Subset / filter in dplyr chain with ggplot2
I would like to slopegraph line by line (no pun intended) this . Ideally, I would like to do it all in the dplyr style chain, but I got caught in the trap when I try to multiply the data to add specific labels geom_text
. Here's an example of a toy:
# make tbl:
df <- tibble(
area = rep(c("Health", "Education"), 6),
sub_area = rep(c("Staff", "Projects", "Activities"), 4),
year = c(rep(2016, 6), rep(2017, 6)),
value = rep(c(15000, 12000, 18000), 4)
) %>% arrange(area)
# plot:
df %>% filter(area == "Health") %>%
ggplot() +
geom_line(aes(x = as.factor(year), y = value,
group = sub_area, color = sub_area), size = 2) +
geom_point(aes(x = as.factor(year), y = value,
group = sub_area, color = sub_area), size = 2) +
theme_minimal(base_size = 18) +
geom_text(data = dplyr::filter(., year == 2016 & sub_area == "Activities"),
aes(x = as.factor(year), y = value,
color = sub_area, label = area), size = 6, hjust = 1)
But it gives me Error in filter_(.data, .dots = lazyeval::lazy_dots(...)) :
object '.' not found
. Using a subset instead dplyr::filter
gives me a similar error. What I found on SO / Google is this question, which raises a slightly different issue.
What is the correct way to subset the data in a chain?

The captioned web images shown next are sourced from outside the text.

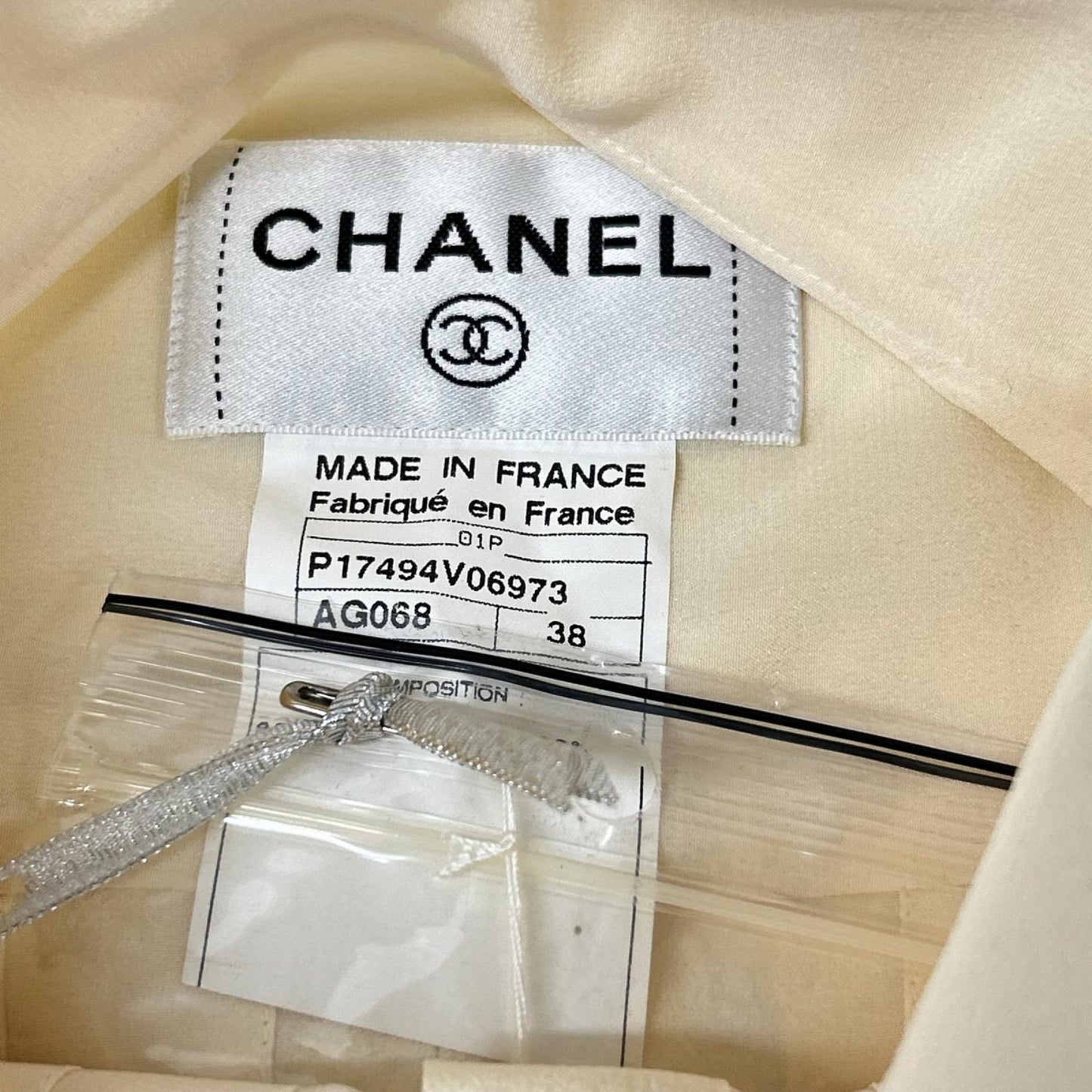 CHANEL シャネル 01P P17494V06973 ベージュ シルク ノースリーブブラウス トップス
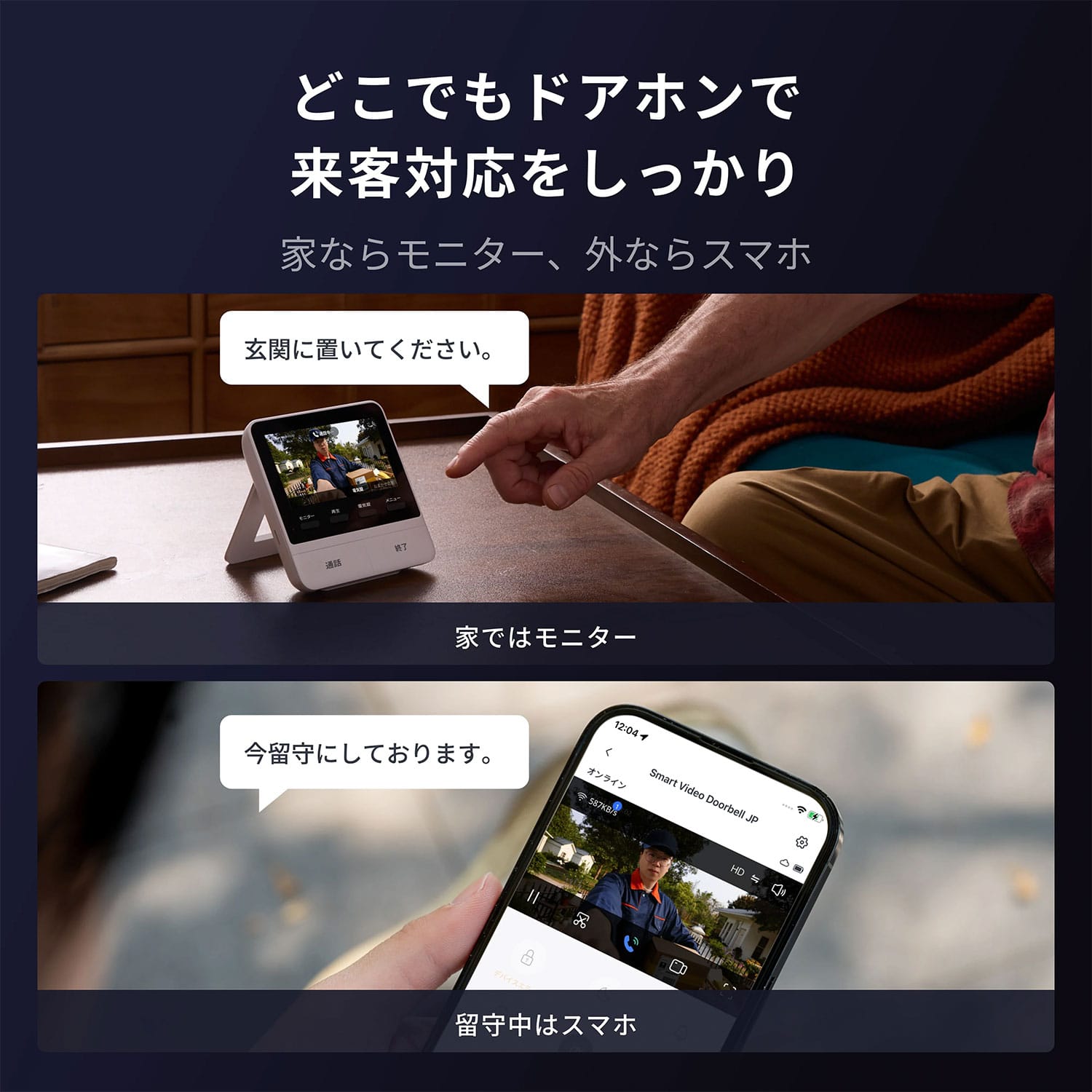 スマートテレビドアホン モニター付き 工事不要 賃貸対応 スマホ連動 W6702002 ホワイト SwitchBot スイッチボット
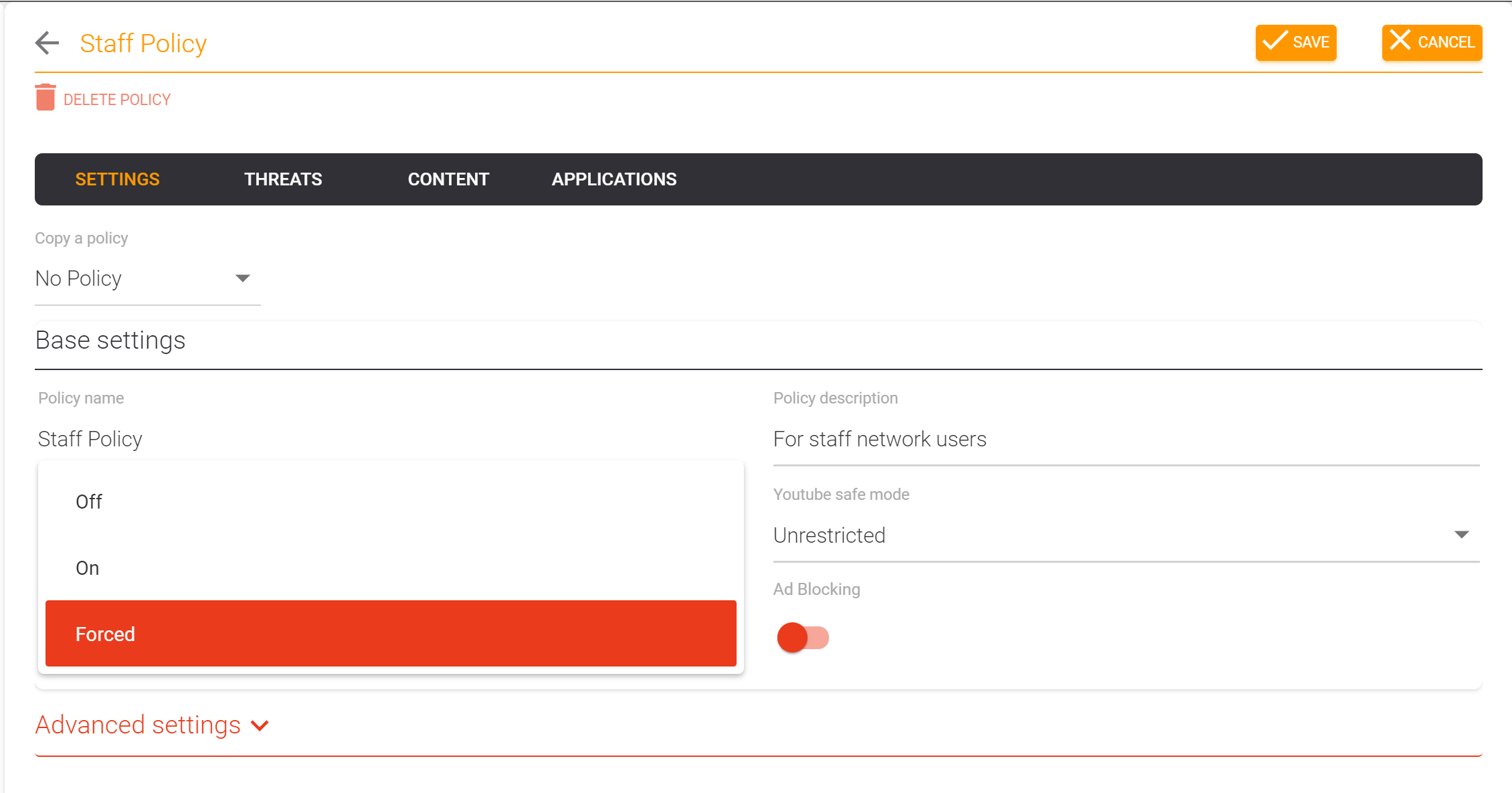 Safe Search mode selector in the policy editor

Edit . My reprex is a simplified example, in real work I have one long chain. Mike's comment below works for the first case, but not the second.
source to share
If you wrap your construction code in {...}
, you can use .
to specify exactly where the previously calculated results were inserted:
library(tidyverse) df <- tibble( area = rep(c("Health", "Education"), 6), sub_area = rep(c("Staff", "Projects", "Activities"), 4), year = c(rep(2016, 6), rep(2017, 6)), value = rep(c(15000, 12000, 18000), 4) ) %>% arrange(area) df %>% filter(area == "Health") %>% { ggplot(.) + # add . to specify to insert results here geom_line(aes(x = as.factor(year), y = value, group = sub_area, color = sub_area), size = 2) + geom_point(aes(x = as.factor(year), y = value, group = sub_area, color = sub_area), size = 2) + theme_minimal(base_size = 18) + geom_text(data = dplyr::filter(., year == 2016 & sub_area == "Activities"), # and here aes(x = as.factor(year), y = value, color = sub_area, label = area), size = 6, hjust = 1) }
While this plot is probably not the one you really want, at least it works, so you can edit it.
What Happens: Usually %>%
passes the results of the left-hand side (LHS) into the first parameter of the right-hand side (RHS). However, if you wrap the RHS in curly braces, it %>%
will only pass the results to where you explicitly put it .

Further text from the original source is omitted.